Segment Start: GIVEN RECORDS

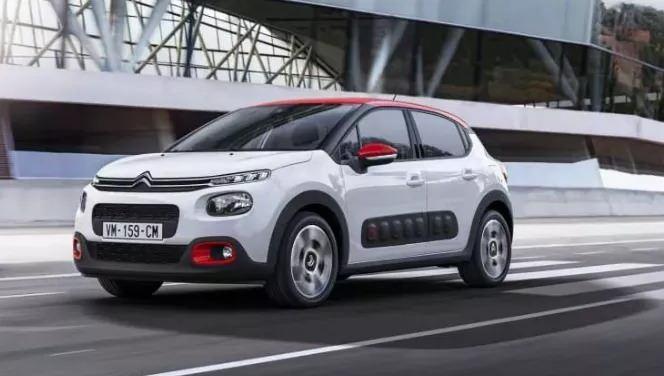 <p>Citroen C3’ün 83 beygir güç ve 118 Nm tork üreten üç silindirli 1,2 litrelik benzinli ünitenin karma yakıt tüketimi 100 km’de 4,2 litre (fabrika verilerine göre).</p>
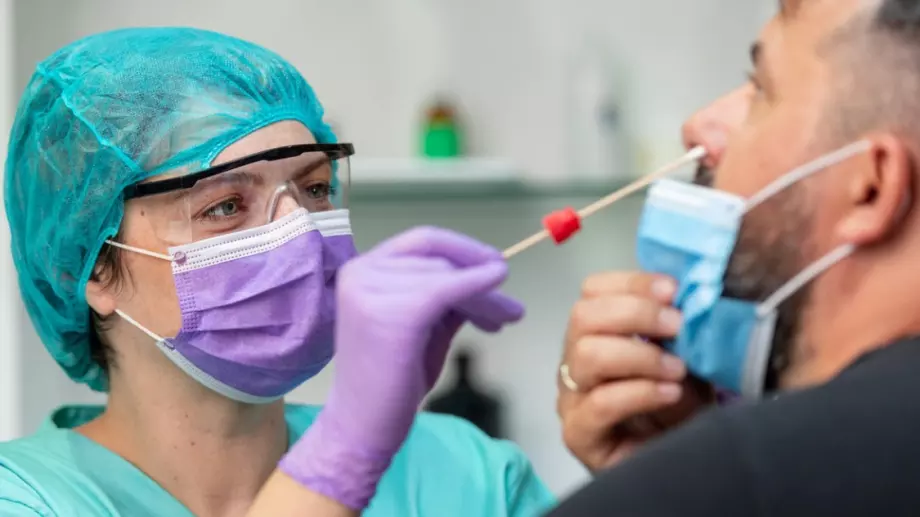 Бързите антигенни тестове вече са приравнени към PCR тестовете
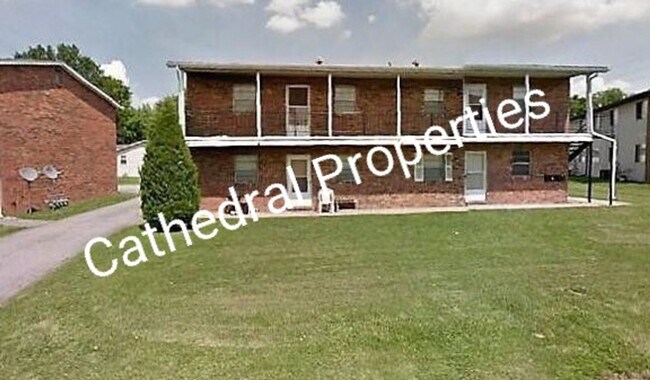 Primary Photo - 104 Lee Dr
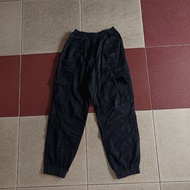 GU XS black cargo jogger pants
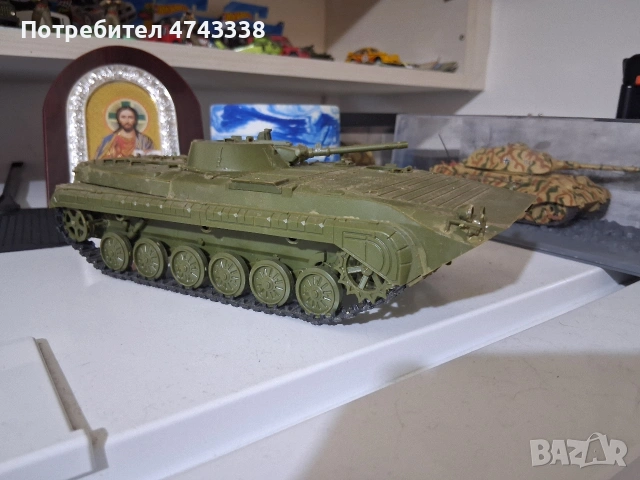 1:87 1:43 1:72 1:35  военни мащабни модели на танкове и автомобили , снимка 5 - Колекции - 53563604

Segment End: GIVEN RECORDS
Segment Start: GIVEN RECORDS

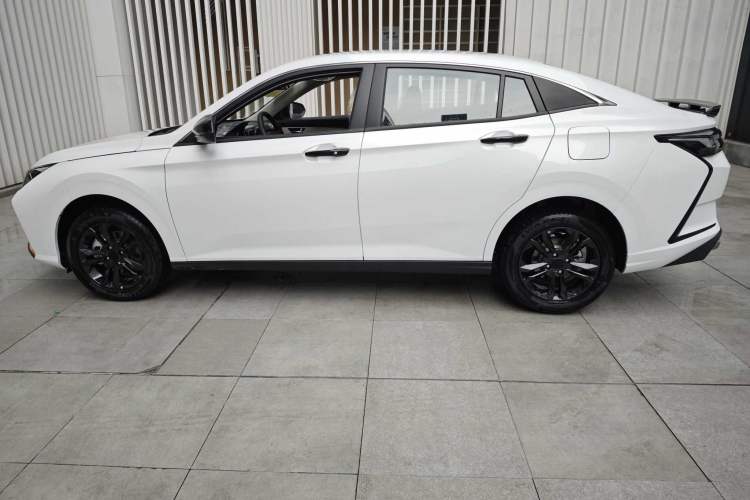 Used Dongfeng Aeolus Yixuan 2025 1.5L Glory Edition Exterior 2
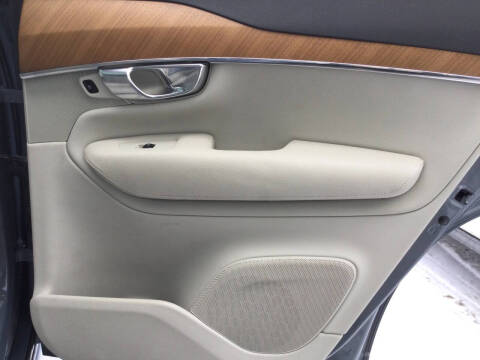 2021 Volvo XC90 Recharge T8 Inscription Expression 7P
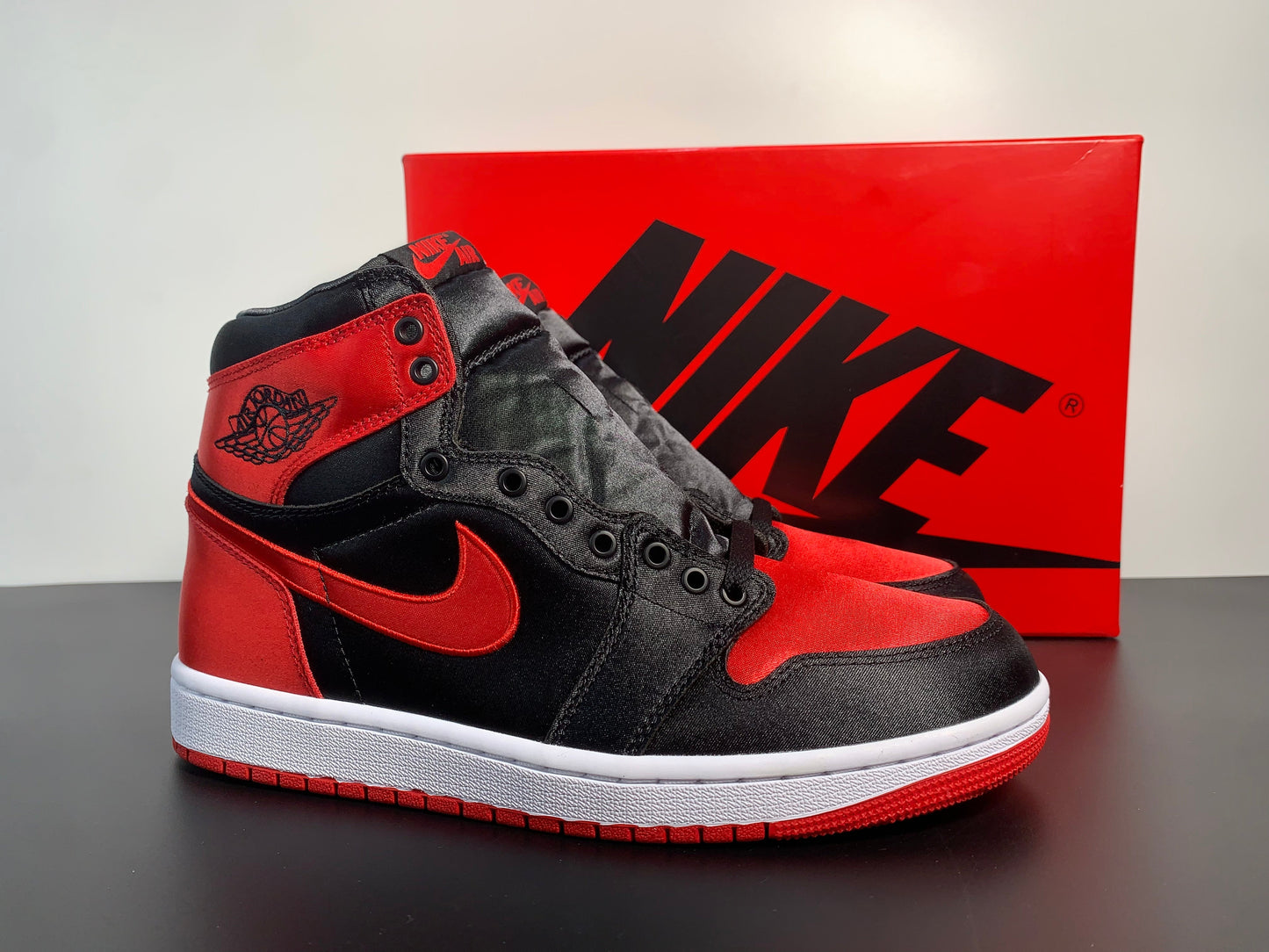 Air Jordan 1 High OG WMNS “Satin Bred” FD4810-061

Segment End: GIVEN RECORDS
Segment Start: GIVEN RECORDS

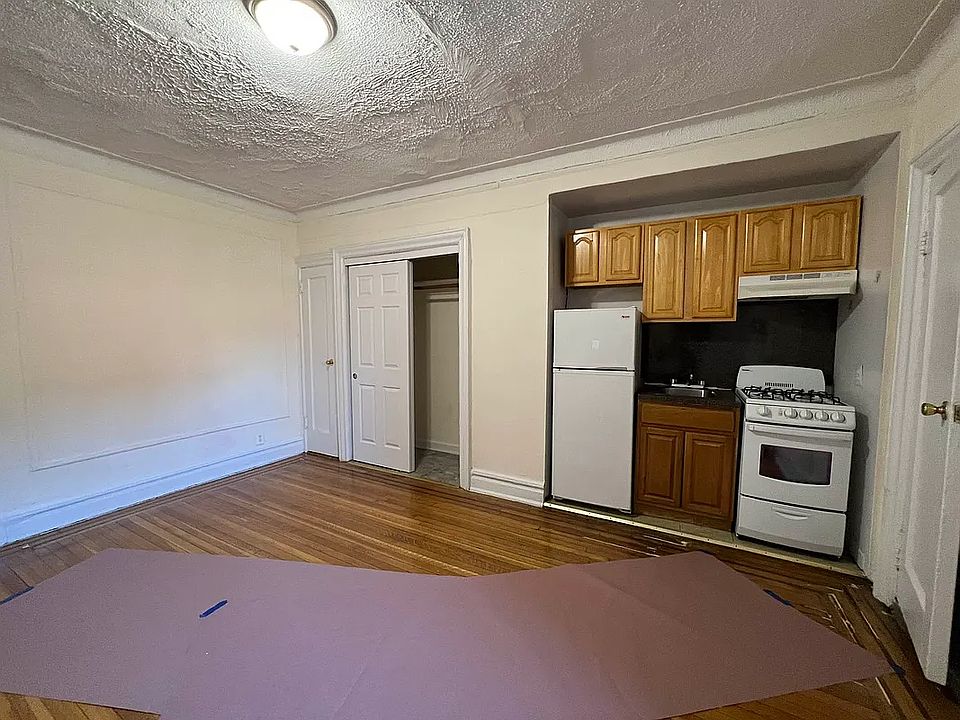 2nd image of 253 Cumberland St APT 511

Segment End: GIVEN RECORDS

YOUR OBJECTIVE:
Word for word, repeat the lines above from the one with "2021 Volvo XC90" through the one with "Air Jordan 1", and nothing beyond them. Omit the pictures.

SOLVED EXERCISE:
 2021 Volvo XC90 Recharge T8 Inscription Expression 7P
 Air Jordan 1 High OG WMNS “Satin Bred” FD4810-061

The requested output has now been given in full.